ALARABY | US looks to Israel to justify torture
By: Vijay Prashad Date of publication 23 December, 2014
When the CIA looked for legal cover for its post-9/11 torture programme, it is little surprise it looked to Israel. Washington's ally has its own Guantanamo, Camp 1391, which the Israeli Supreme Court has consistently shielded from investigation.
Footnotes in government reports are often the place where disgruntled bureaucrats leave clues. It is where bits of information that lead elsewhere are suggestively placed. Senior officials might not allow potentially controversial information into the body of a report.

In the Senate report on CIA torture there is such a footnote. Early in the report’s more than five hundred pages, footnote 51 concerns the November 26, 2001 Draft of Legal Appendix, Hostile Interrogations: Legal Consideration for CIA Officers.
     US law is fairly clear: torture is illegal in all cases... The Israeli judiciary has been kinder on torture.

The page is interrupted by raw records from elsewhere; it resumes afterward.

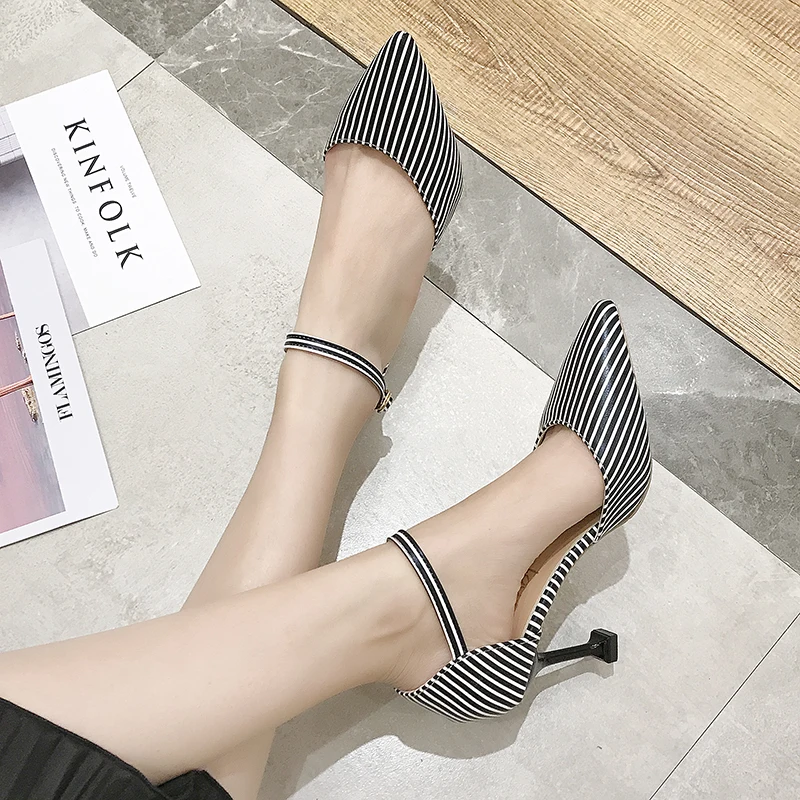 

2019 new fashion pointed 8CM high heel stripes small fresh shallow mouth comfortable high heel sandals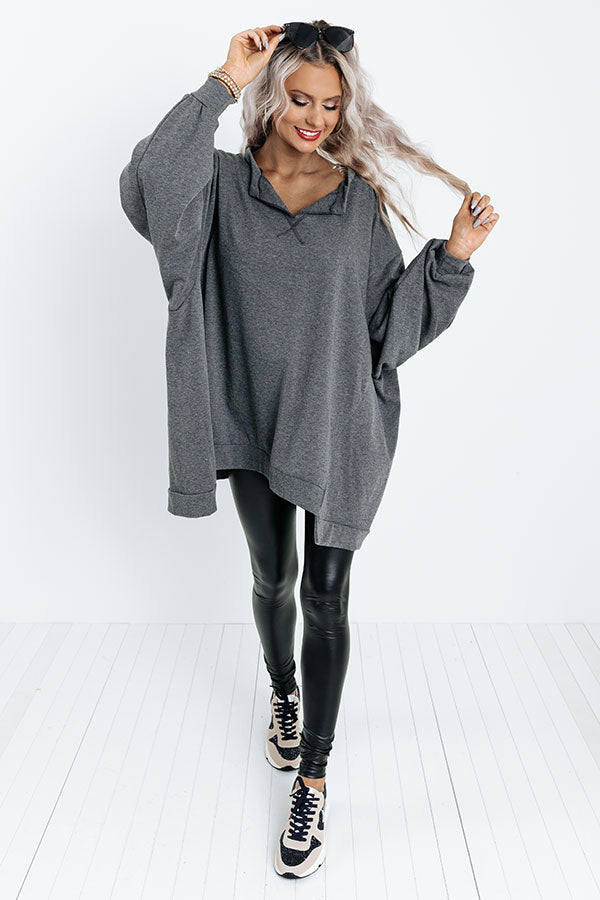 Brisk Stroll Tunic Sweatshirt in Dark Grey Image - 1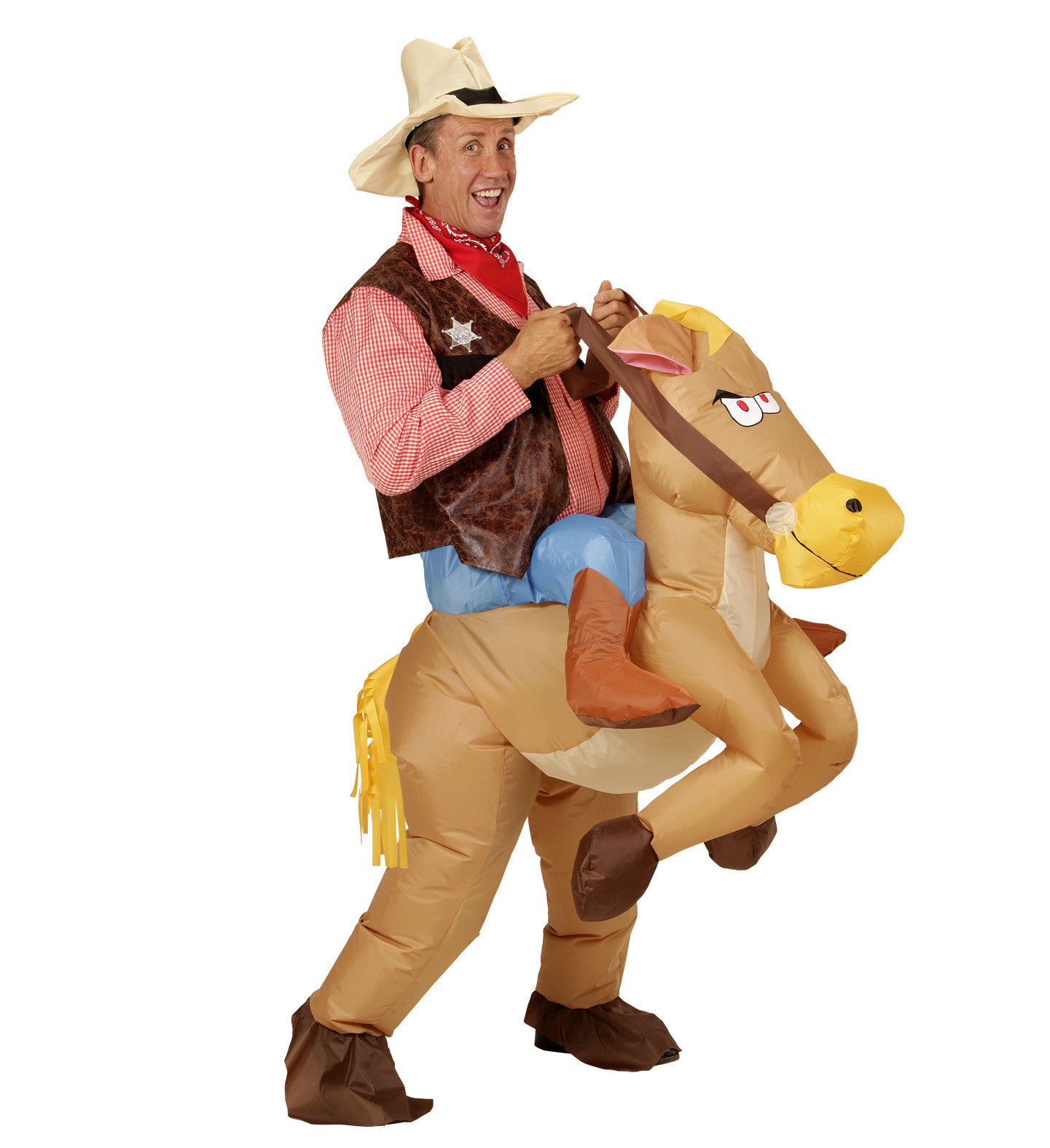 Costume Carnevale Adulto Autogonfiante Sceriffo con Cavallo PS 22726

This draft memorandum, according to the Senate report, “cited the ‘Israeli example’ as a possible basis for arguing that ‘torture was necessary to prevent imminent, significant, physical harm to persons, where there is no other available means to prevent the harm.’”
US law is fairly clear: torture is illegal in all cases. There is no “ticking-time bomb” scenario that allows for the cruel and inhuman treatment of prisoners. If it has no basis in US law, the CIA suggests, then its officers could use Israeli practice as a precedent. The Israeli judiciary has been kinder on torture.

In 2007, the CIA was worried: could they be held accountable for the torture their officers had been conducting at the so-called “black sites”?

Correspondence between the Principal Deputy Attorney General Steven Bradbury (of the US Justice Department) and Acting General Counsel of the CIA, John Rizzo, testifies to that anxiety. Rizzo sought justification in the “Israeli example.”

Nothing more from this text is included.